Task statement: Your reply should consist only of the lines from the one holding "Best Mold Remediation" to the last line of the data below, written out exactly and without pictures.

Captioned web images:
[Start of section]

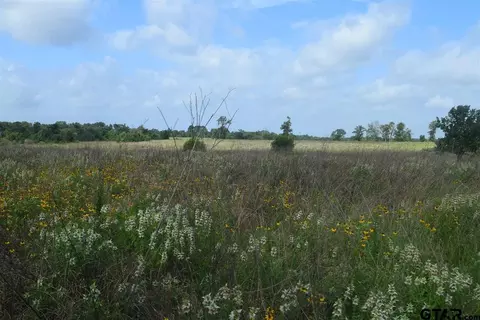 tbd Fm 1256, Eustace, TX 75124 photo 30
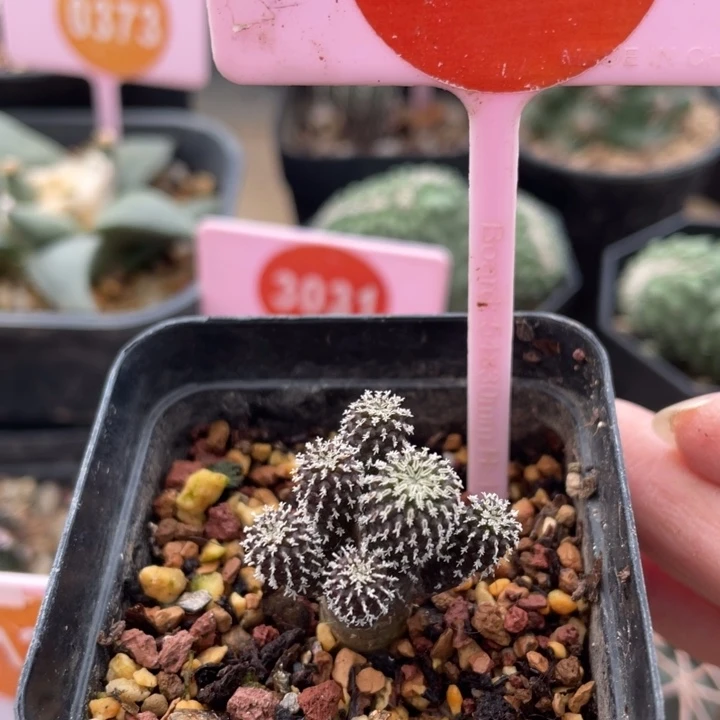 实生精巧甸刺缀群2584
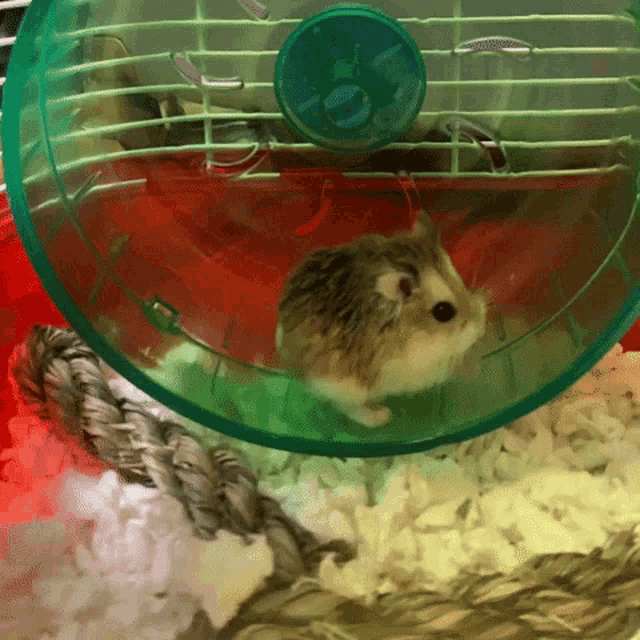 a small hamster is sitting in a green wheel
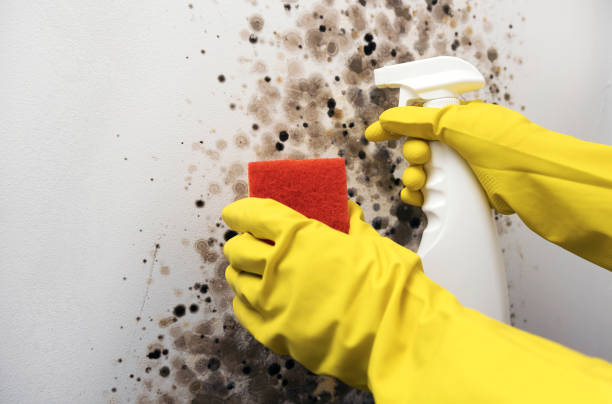 Best Mold Remediation  in Springfield, GA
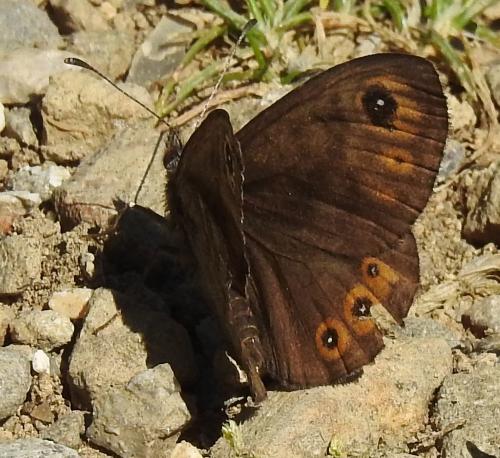 Lasiommata petropolitana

[End of section]

Response to the exercise:
 Best Mold Remediation  in Springfield, GA
 Lasiommata petropolitana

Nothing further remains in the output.